### WHAT IS BEING ASKED
Reproduce each line below precisely. Drop the pictures.

### GIVEN DATA

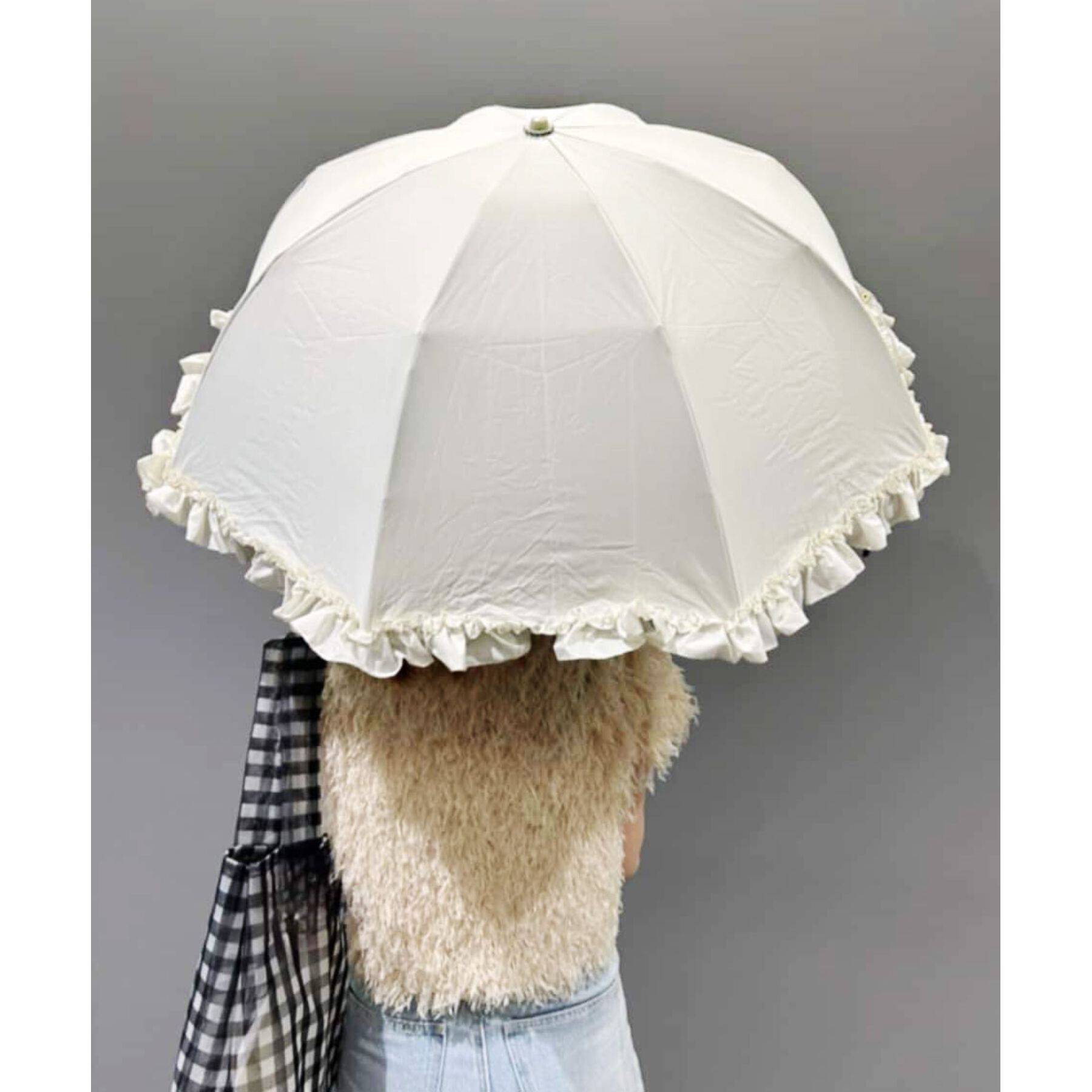 Ober Tashe「【毎シーズン大人気/2WAY】遮光率100％！2段折傘フリル折りたたみ日傘（晴雨兼用）pink tr」|傘|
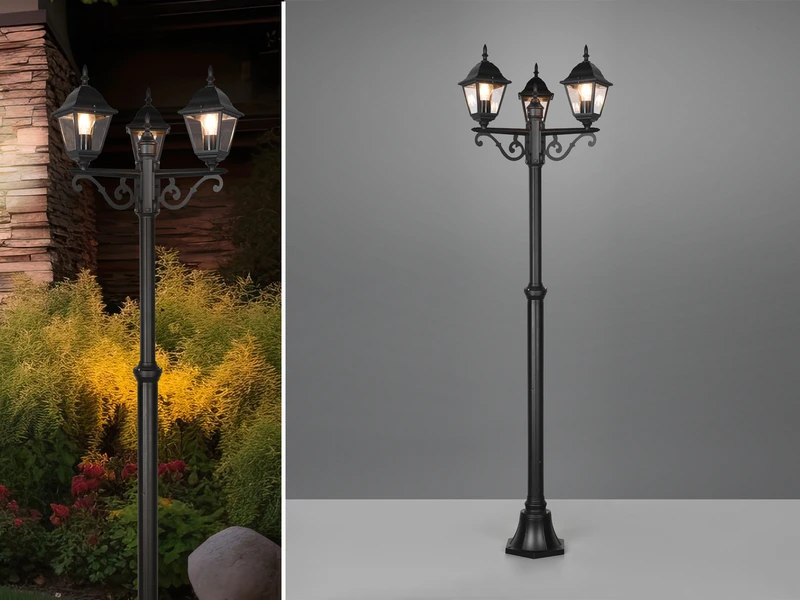 MeineWunschleuchte LED Mastleuchte 3-flammige Laterne, Aluminium Schwarz Höhe 200cm 1 MeineWunschleuchte LED Mastleuchte 3-flammige Laterne, Aluminium Schwarz Höhe 200cm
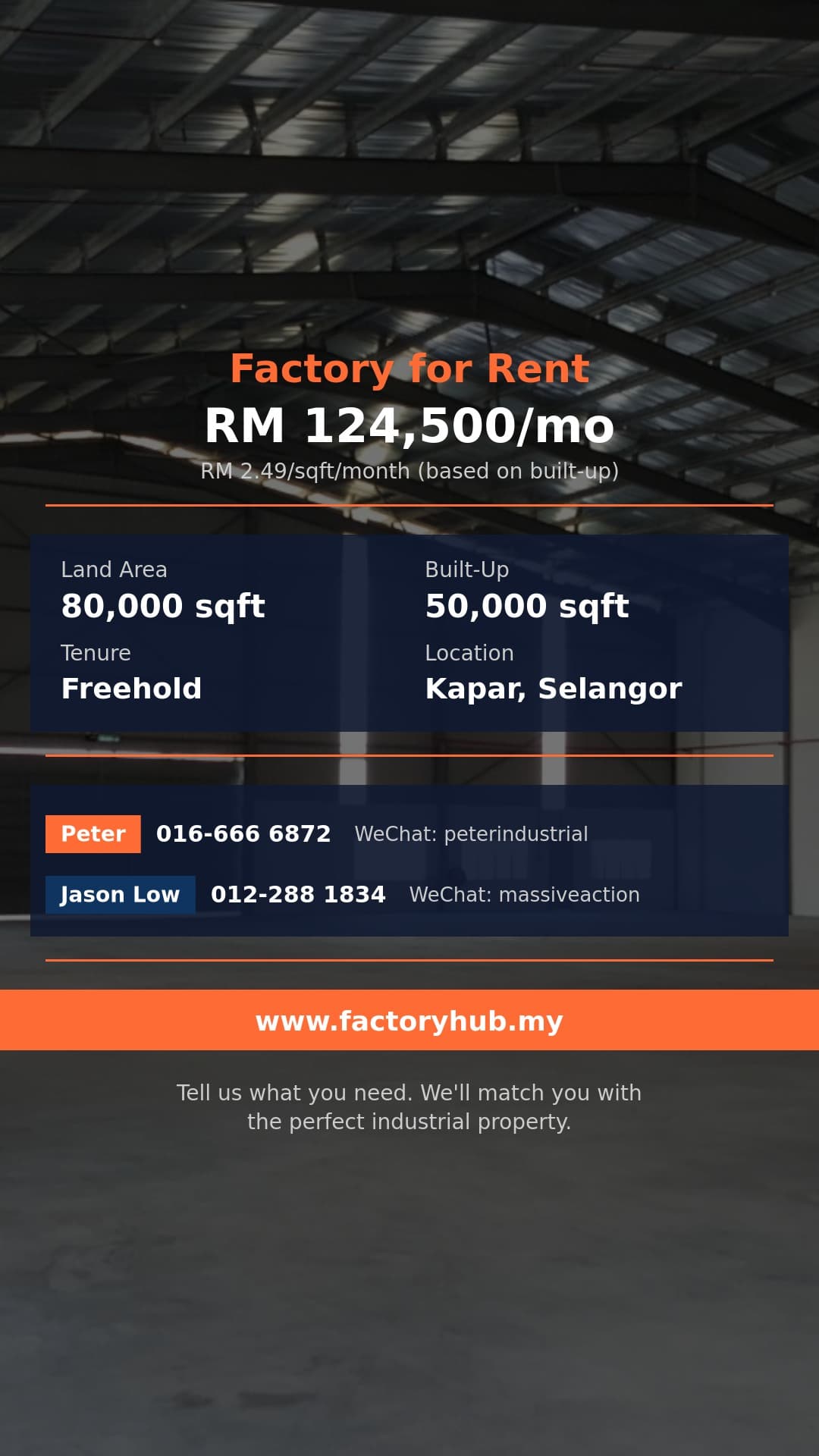 Factory For Rent - Kapar Industrial Park Warehouse for Rent – RM124.5K/mo 50000sf - Kapar, Selangor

### OUTPUT FOR THIS TASK
 Ober Tashe「【毎シーズン大人気/2WAY】遮光率100％！2段折傘フリル折りたたみ日傘（晴雨兼用）pink tr」|傘|
 MeineWunschleuchte LED Mastleuchte 3-flammige Laterne, Aluminium Schwarz Höhe 200cm 1 MeineWunschleuchte LED Mastleuchte 3-flammige Laterne, Aluminium Schwarz Höhe 200cm
 Factory For Rent - Kapar Industrial Park Warehouse for Rent – RM124.5K/mo 50000sf - Kapar, Selangor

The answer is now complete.